***
DIŞARDA
Points: 455.346, Level: 100
Level completed: 0%,
Points required for next Level: 0
Overall activity: 100,0%
Achievements


Cevap: Zina haddi
Muhsan, sahih bir nikah altında cinsi temasta bulunmuş, hür, akıl sahibi ve buluğa ermiş kimse demektir. Zina konusunda muhsanın tarifi budur. Bunun dışındakiler muhsan sayılmaz.
Celd ve recm hadlerinde şüphenin ortadan kaldırılması şarttır.
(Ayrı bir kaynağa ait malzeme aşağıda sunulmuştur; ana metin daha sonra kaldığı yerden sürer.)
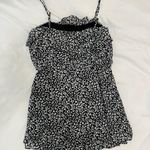 Francesca's Romper Photo 2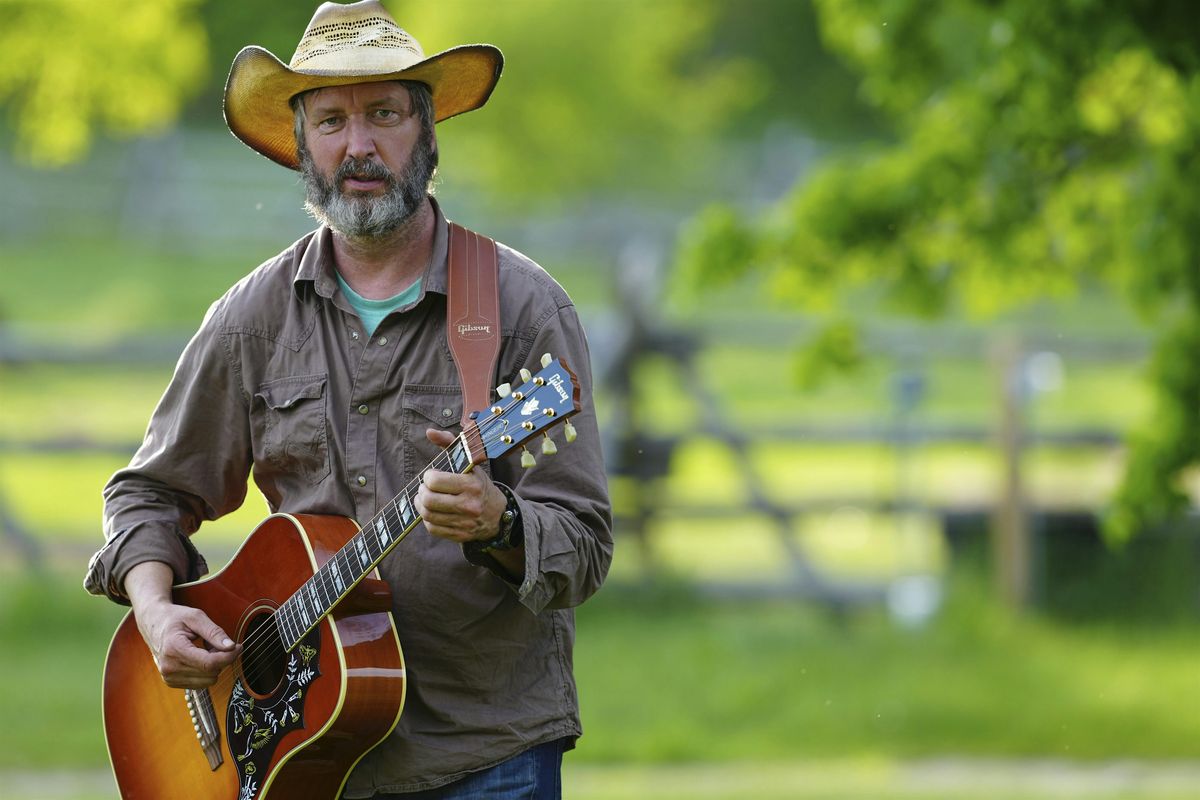 Tom Green: Stompin' Comedy Tour, 27 March | Event in Miramichi | AllEvents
Bu şartlar şunlardır:
1- Kesinlikle haram olmalıdır.
2- Fail, bu işi isteyerek yapmalıdır. İkrahı mülci gibi zinaya zorlanmamış olmalıdır.
3- Akıllı ve buluğ çağına ermiş olmalıdır. Çocuğa, deliye, sarhoşa ve kendinden kaynaklanmayan bir irade ile zina yapan kimseye had uygulanmaz.
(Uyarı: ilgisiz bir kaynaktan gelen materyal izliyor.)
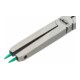 VIGOR Rouleau de rechange pour chariot de visite de montage V6973-1-4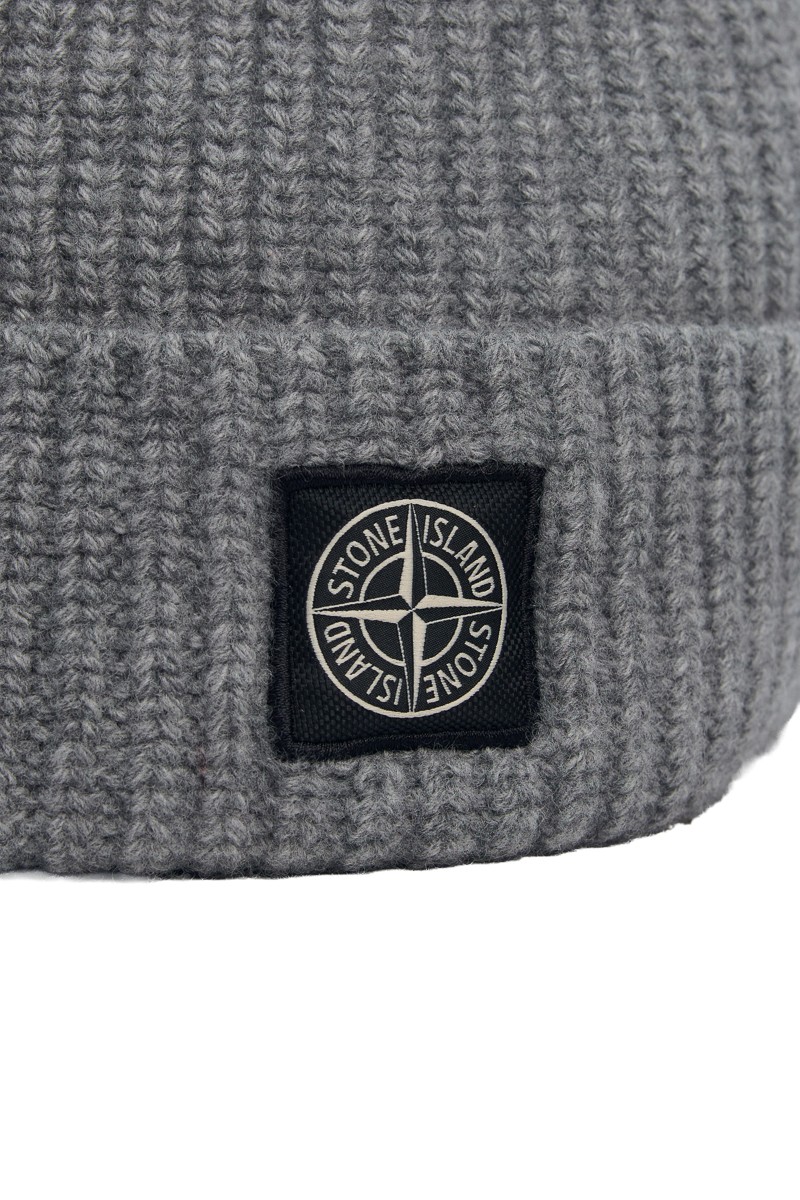 Аксесуари Stone Island 21655
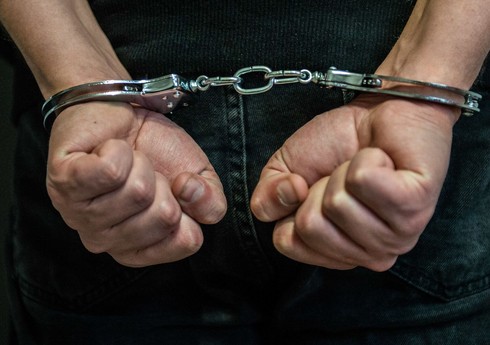 Азербайджан экстрадировал разыскиваемого в Австрии за неуплату налогов гражданина
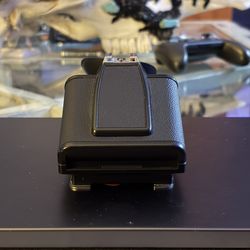 Hasselblad Eye Level Viewfinder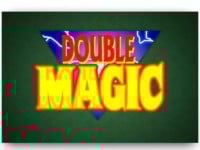 Double Magic Spielautomat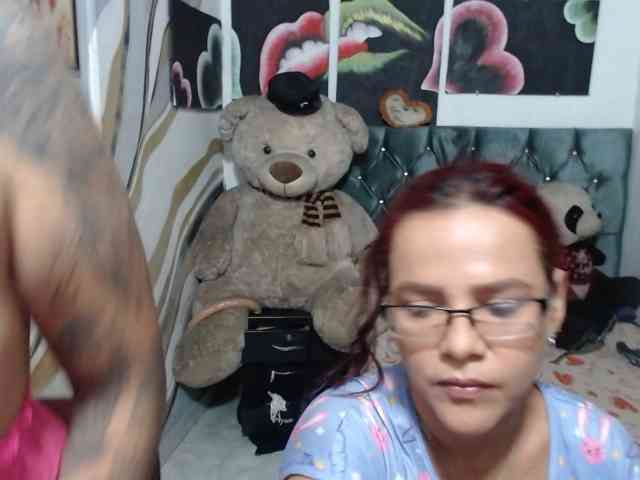 Manazahot99 webcam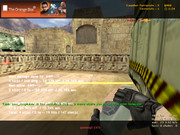 de-dust2x20003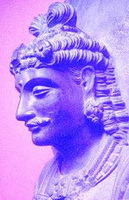 maitreya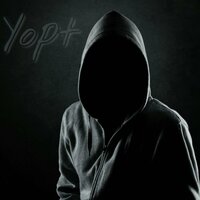 Билет в один конец до Окинавы - Yopt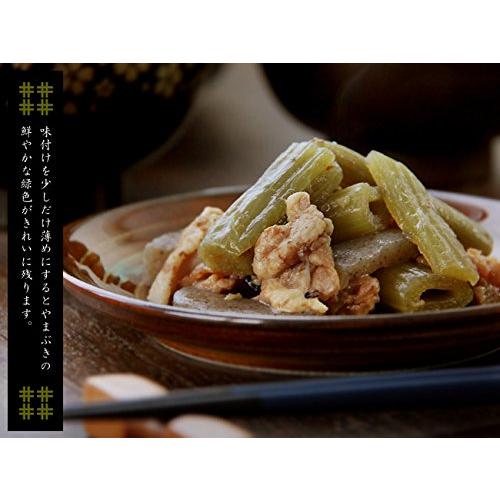 ふき水煮 270g (北海道産) 古くから日本人に親しまれてきた野菜を春の味覚として食卓にいかがでしょうか (ヤマブキ 山蕗 フキ 山の幸 山菜)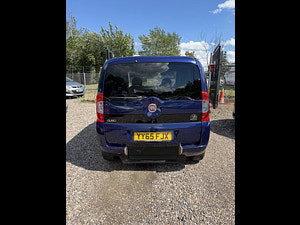Fiat Qubo thumbnail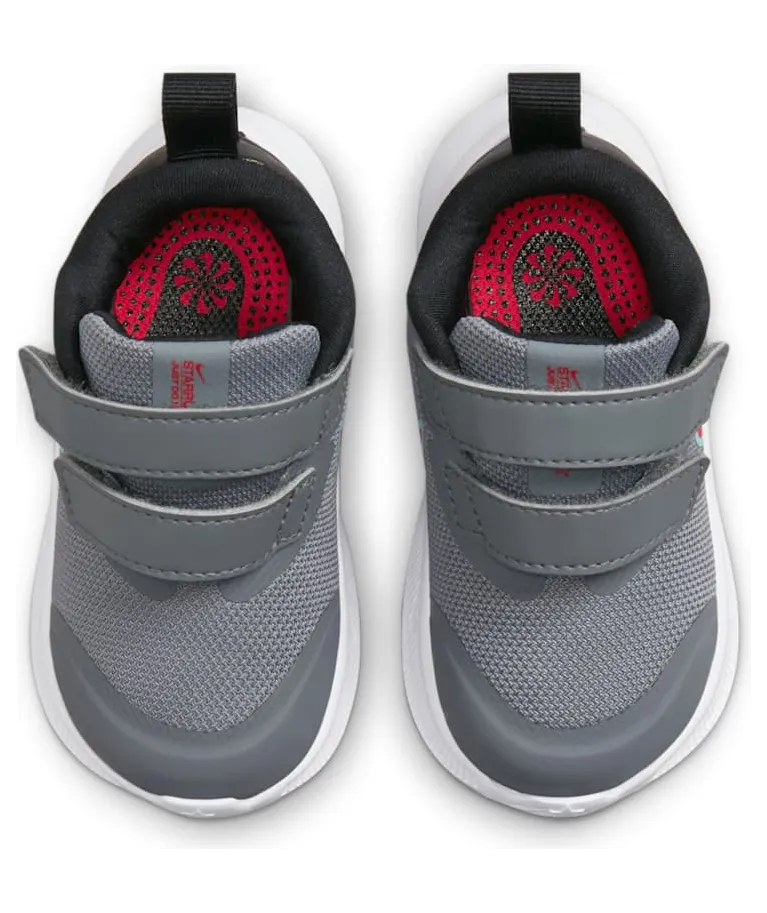 nike-star-runner-3 DA2778-008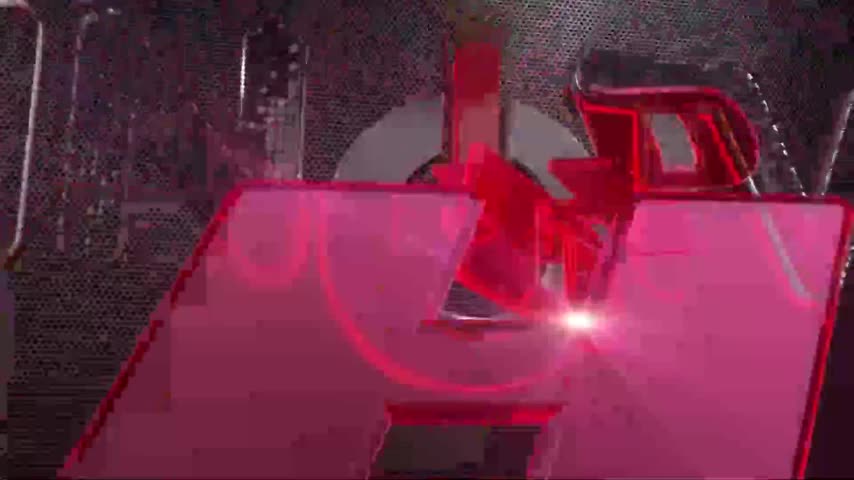 KinoTV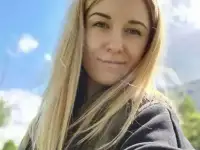 Все виды страхования (Электронный полис осаго)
4- Zina, şer’î delillerde yer alan beyyinelerle sabit olmalıdır. Ebu Hüreyre'den: Rasulullah (sav) şöyle dedi:
“Had cezasını, def edebildiğiniz kadar defedin." *
Aişe (r.anha)'den: Rasulullah (sav) şöyle dedi:
"Elinizden geldikçe, had cezalarını Müslümanlardan defedin. Geçerli bir özür varsa hemen salıverin. Zira imamın yanlışlıkla affetmesi, yanlış bir ceza vermesinden daha hayırlıdır." *
Ali (ra)'den merfuan gelen bir rivayet şöyledir: "Hadlerin uygulanmasında şüphelerden sakınınız." Bir haramı işlemeye zorlanan kimse yaptığı fiilden dolayı cezalandırılmaz. Zira Rasulullah (sav) şöyle buyurmaktadır:
"Ümmetimden hata, unutma ve zorlandıkları şeylerden dolayı sorumluluk kaldırılmıştır." *
Nebi (sav), zina ettiği sabit olmadıkça, zina eden kimseye ceza uygulamamıştır.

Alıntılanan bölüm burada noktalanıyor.